Instructions to follow: All lines holding the word "Picture" are to be copied from the records beneath.

Records for the task:
# # #
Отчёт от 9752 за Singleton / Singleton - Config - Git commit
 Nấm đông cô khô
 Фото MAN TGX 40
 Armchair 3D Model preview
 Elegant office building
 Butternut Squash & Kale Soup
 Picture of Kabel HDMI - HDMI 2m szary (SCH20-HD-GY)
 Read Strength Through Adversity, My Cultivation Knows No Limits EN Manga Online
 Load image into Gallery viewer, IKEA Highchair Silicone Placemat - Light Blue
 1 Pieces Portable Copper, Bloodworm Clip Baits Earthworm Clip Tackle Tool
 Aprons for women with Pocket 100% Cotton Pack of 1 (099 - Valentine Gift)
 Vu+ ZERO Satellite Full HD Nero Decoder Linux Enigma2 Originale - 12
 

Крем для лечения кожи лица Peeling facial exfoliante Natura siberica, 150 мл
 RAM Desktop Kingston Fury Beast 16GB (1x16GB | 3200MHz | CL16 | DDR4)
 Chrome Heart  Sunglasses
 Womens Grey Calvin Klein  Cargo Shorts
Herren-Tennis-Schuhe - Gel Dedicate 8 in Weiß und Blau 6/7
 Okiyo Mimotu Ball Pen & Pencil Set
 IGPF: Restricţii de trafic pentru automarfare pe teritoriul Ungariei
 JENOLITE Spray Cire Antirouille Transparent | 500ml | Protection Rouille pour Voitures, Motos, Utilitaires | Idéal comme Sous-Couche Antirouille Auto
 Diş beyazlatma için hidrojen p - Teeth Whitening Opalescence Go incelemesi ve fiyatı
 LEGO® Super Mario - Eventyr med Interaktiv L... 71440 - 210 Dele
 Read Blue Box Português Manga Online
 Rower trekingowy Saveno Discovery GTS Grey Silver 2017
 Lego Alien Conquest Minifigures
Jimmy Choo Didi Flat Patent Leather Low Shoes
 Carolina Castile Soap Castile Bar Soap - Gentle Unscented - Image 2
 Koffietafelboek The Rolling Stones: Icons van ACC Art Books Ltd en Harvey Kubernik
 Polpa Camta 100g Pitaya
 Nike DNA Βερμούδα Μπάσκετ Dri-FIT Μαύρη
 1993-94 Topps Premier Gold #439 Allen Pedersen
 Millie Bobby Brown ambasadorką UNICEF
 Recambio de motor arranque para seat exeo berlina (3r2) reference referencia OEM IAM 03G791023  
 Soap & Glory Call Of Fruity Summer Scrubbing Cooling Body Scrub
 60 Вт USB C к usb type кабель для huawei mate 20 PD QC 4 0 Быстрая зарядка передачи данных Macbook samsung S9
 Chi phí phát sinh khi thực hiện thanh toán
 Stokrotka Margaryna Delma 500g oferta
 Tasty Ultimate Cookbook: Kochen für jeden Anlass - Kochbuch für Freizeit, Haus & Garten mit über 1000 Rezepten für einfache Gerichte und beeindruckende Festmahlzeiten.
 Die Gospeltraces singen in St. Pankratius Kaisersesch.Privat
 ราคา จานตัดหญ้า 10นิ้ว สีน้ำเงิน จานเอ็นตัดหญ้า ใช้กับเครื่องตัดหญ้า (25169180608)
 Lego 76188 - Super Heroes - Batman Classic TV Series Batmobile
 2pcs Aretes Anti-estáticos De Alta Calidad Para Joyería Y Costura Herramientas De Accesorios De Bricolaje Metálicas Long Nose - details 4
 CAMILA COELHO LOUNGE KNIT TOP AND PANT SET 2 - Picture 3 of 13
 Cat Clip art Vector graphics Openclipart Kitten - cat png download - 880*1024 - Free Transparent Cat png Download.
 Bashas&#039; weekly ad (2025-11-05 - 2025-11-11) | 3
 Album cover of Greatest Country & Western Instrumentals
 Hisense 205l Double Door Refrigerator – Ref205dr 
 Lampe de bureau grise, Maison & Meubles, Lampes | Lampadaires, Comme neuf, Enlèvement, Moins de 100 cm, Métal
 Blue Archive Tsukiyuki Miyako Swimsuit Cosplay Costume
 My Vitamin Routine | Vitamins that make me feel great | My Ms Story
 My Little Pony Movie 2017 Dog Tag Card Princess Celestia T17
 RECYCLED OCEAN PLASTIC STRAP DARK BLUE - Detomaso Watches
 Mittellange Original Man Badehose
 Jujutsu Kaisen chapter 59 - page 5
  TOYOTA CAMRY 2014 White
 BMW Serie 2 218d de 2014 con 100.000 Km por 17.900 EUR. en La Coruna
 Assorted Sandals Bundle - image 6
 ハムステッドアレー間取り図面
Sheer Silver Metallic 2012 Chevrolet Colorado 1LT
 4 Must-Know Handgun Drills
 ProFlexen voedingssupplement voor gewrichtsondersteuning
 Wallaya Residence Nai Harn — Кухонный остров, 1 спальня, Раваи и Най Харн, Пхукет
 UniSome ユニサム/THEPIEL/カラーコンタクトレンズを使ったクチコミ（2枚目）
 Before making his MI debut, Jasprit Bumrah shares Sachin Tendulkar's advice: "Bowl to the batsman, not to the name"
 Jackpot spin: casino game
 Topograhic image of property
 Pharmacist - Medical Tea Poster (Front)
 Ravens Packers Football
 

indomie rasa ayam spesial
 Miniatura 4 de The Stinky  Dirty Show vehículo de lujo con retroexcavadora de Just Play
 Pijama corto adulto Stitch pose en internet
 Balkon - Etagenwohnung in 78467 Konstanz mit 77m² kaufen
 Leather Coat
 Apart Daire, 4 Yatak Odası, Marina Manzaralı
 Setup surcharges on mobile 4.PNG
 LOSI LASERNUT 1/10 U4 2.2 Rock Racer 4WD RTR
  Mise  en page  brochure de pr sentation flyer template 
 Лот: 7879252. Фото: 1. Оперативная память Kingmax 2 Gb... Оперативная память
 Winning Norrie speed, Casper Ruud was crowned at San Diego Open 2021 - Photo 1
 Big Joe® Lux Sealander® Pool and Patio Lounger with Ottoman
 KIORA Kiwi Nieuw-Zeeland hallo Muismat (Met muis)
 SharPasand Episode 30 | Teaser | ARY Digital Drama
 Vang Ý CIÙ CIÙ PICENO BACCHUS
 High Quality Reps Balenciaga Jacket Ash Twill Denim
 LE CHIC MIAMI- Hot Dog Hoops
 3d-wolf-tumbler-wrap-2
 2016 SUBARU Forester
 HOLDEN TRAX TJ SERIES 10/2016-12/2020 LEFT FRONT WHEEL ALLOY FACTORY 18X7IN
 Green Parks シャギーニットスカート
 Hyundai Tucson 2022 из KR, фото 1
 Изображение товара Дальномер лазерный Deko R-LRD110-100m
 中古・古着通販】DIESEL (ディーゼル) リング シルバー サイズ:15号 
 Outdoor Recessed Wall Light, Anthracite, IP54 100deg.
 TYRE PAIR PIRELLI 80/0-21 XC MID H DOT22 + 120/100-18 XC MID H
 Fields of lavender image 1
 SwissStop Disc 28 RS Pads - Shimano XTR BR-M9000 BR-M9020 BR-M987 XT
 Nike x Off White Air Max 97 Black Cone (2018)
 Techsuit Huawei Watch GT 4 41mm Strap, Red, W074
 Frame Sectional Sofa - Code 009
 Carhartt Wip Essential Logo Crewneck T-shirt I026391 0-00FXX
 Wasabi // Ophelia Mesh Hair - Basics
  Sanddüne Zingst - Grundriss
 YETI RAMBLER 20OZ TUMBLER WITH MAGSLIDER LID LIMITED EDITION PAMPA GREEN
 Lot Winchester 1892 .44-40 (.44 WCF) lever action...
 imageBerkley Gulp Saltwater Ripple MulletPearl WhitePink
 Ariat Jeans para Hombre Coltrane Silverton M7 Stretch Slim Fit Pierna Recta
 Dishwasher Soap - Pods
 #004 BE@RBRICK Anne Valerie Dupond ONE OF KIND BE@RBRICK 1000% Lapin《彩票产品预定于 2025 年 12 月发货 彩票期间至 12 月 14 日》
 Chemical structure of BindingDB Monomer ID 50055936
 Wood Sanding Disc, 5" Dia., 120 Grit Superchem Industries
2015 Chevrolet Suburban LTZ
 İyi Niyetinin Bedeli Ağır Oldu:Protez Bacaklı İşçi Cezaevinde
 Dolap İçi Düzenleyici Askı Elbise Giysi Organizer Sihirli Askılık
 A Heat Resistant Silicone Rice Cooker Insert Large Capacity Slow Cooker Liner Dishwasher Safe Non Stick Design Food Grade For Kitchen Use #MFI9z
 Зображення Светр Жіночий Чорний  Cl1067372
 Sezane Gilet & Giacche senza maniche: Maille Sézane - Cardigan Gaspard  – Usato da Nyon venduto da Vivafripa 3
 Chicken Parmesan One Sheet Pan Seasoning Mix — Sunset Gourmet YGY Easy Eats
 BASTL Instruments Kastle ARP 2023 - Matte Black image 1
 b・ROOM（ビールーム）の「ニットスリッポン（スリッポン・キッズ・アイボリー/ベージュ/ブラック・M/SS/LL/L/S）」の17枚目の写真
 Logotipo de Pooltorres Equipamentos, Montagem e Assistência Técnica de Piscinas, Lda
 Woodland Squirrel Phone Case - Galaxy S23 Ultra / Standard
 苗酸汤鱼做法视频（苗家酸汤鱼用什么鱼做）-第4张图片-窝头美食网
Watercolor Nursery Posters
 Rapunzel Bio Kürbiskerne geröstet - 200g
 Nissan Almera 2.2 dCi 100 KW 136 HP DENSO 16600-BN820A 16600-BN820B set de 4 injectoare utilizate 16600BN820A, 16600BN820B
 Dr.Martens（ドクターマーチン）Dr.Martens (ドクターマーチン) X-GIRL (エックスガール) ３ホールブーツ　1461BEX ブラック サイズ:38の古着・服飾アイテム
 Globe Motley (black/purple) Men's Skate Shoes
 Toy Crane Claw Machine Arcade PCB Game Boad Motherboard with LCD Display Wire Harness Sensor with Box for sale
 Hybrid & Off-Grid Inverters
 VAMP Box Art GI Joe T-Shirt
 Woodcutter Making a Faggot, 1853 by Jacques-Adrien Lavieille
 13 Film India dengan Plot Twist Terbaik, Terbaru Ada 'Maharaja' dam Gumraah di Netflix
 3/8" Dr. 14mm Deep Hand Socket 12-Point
# # #
Result of the task:
 Picture of Kabel HDMI - HDMI 2m szary (SCH20-HD-GY)
 CAMILA COELHO LOUNGE KNIT TOP AND PANT SET 2 - Picture 3 of 13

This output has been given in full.